The past is a foreign kitchen

Sheep's head and sausage

Recently The Australian held a contest to find the worst recipes. This search was inspired by food columnist John Lethlean after he discovered a recipe for lamb salad soufflé with lime jelly crystals and mayonnaise in the 1971 New Zealand Women’s Weekly Cookbook. To make the soufflé, “First, you dissolve your jelly crystals, lime or lemon; then you stir in vinegar, mayo, salt and pepper. Beat, chill and then whip. Fold in your leftover lamb, cooked peas, grated onion, chopped mint.” Mr. Lethlean then challenged readers to find even worse recipes on their own bookshelves.

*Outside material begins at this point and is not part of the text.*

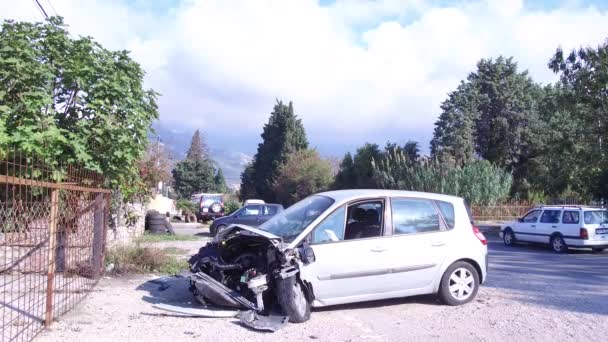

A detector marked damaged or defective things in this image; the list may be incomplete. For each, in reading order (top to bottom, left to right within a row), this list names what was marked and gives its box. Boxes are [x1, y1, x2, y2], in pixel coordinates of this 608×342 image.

rusty metal fence [0, 148, 109, 340]
damaged white car [183, 190, 486, 324]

The entries were entertaining, if not appetizing. Recipes for moose liver soup, beaver paws cooked in water and vinegar, guinea pigs smashed between steel plates, fish and spaghetti casserole, and lamb tail pie were plucked from what one can only assume to be dusty, seldom-used cookbooks. Lyn Smyth of Port Elliot, South Australia, provided the winning entry, Milk Mixtures and Nursery Recipes, which offers instructions for treats like scraped beef balls and scalloped calves brains.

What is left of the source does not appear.